At the retrospective “Judithe Hernández: Beyond Myself, Somewhere, I Wait for My Arrival,” mounted by The Cheech Marin Center for Chicano Art & Culture of the Riverside Art Museum, the full spectrum of an artistic career of more than 50 years was on view. Beyond Hernández’s masterful depiction of the figure, which she renders in vivid pastels on paper, a recurring narrative within this expansive exhibition was the artwork’s capacity to redeem and empower the women it portrays. The show was structured by Cheech’s artistic director, María Esther Fernández, into four sections based on her conversations with the artist: “Ni una más: Bearing Witness,” “The Evolution of the Female Archetype,” “Surrealist Landscape” and “Reimagining Eve.” Throughout, the only female member of the 1970s Chicago artist collective Los Four has painted with consistent, uncompromising clarity.

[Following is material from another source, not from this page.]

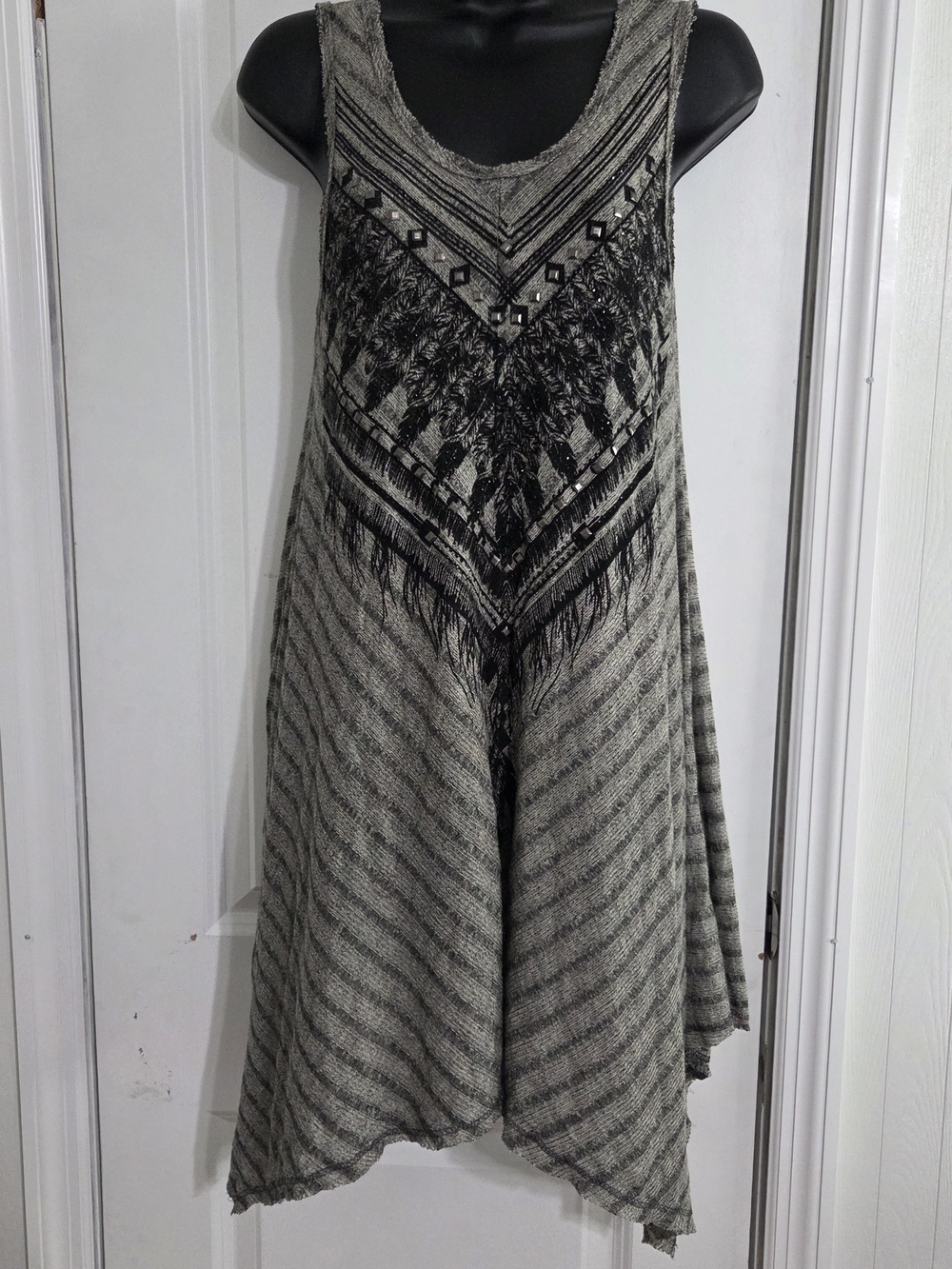 Vocal Black and Taupe Sleeveless Asymmetrical Embroidered Tunic Dress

 The works in “Ni una más: Bearing Witness” harness symbolically potent imagery to address such issues as corruption within the Mexican government, the United States’ imperialist agenda and the epidemic of femicides that continues to ravage the American/Mexican Border. Soy la Desconocida (I am the Unknown) (2022) speaks to the invisibility of women. An expressionless woman seen in profile floats, eyes closed, amid murky green weeds. Spiraling around her in the water are multicolored stemless flowers, while behind her two birds in flight hover in a forebodingly cloudy night sky. The birds carry a winding pink ribbon on which is strung a burning card with a rose on its face. Hernández’s searing iconography suggests the marginalization experienced by women and the feeling of desolation it yields.

Judithe Hernández, The Defender of Anahuac, 2023. Courtesy of the artist.

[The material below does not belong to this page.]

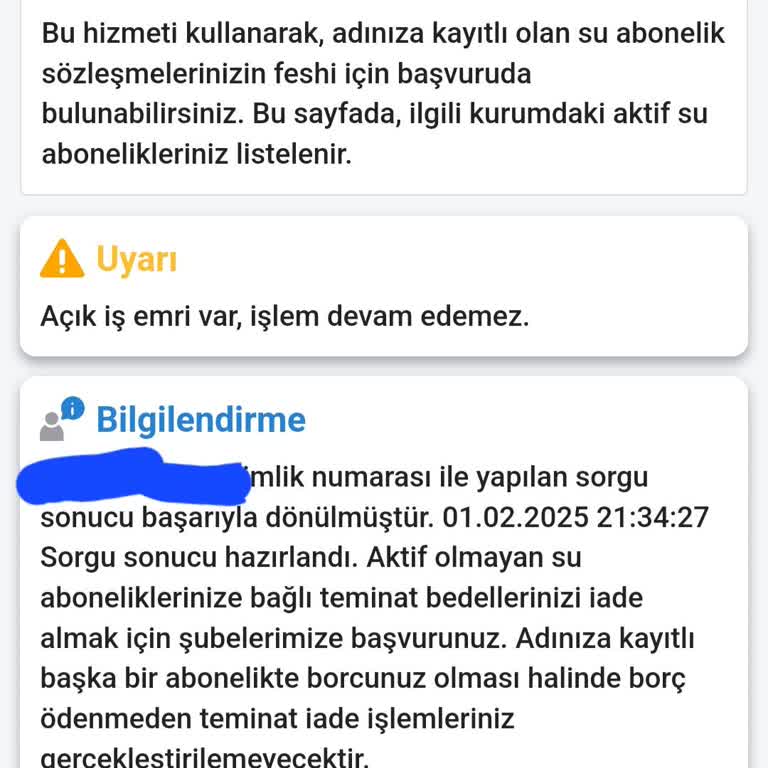 İZSU Fesih İşleminde Açık İş Emri Engeli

 The “Reimagining Eve” grouping assaults the traditional, phallocentric interpretation of the biblical creation story. The Seduction of Adam (2010) presents the tightly cropped head and shoulders of Adam, his face caressed from below by two hands, blue and red. A pair of bound purple hands, rope sinuously encircling them like a serpent, reach toward him from above and linger over his forehead; his eyes are closed as if reflecting destiny’s implication regarding free will. And in fact, the end of the rope has transformed into a gold-scaled snake whose flickering tongue slithers just below the subject’s chin, suggesting the correlation between choice and temptation.

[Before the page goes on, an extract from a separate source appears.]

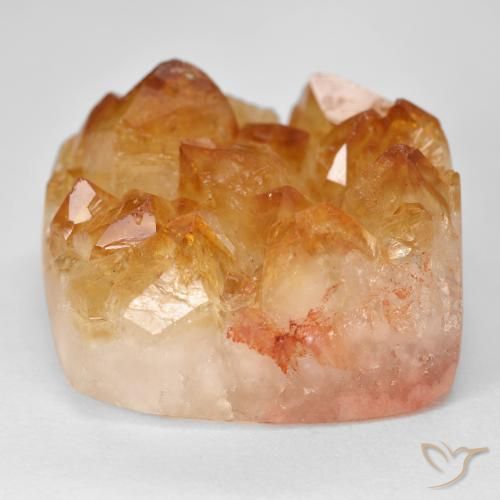 Druzy Citrine Gemstone in 21.9 x 21.7 mm Size for Sale, Druzy Citrine Stone in Medium Light-Orange Color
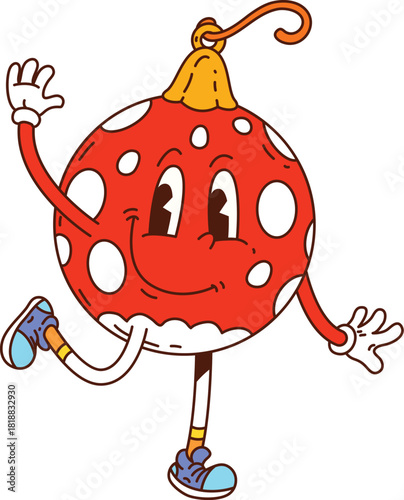 Groovy Christmas bauble character with red color and white dots dances with happy smile. Funky mascot cute sneakers and retro 70s vibe. Funny vector personage for New year and Christmas party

The show was enhanced by ephemera that included sketchbooks, copies of Aztlán: Chicano Journal of the Social Sciences and the Arts, a 1974 Los Angeles Times news clipping about the mural painted by Hernández on the wall of the city’s Century City Playhouse and a video interview in which she discusses her early days as a student at Otis College of Art and Design. Collectively, they provided evidence of how Hernández interrogates sexist perceptions of women with her visceral voice. The work she has produced throughout her career has merged into a singular canon, reflecting an artistic journey drawing on the artistic modes of social realism, Surrealism and the Chicano Movement, which has forged a singular personal aesthetic borne of her unique synthesis of religious and political iconography and conceptual tactics.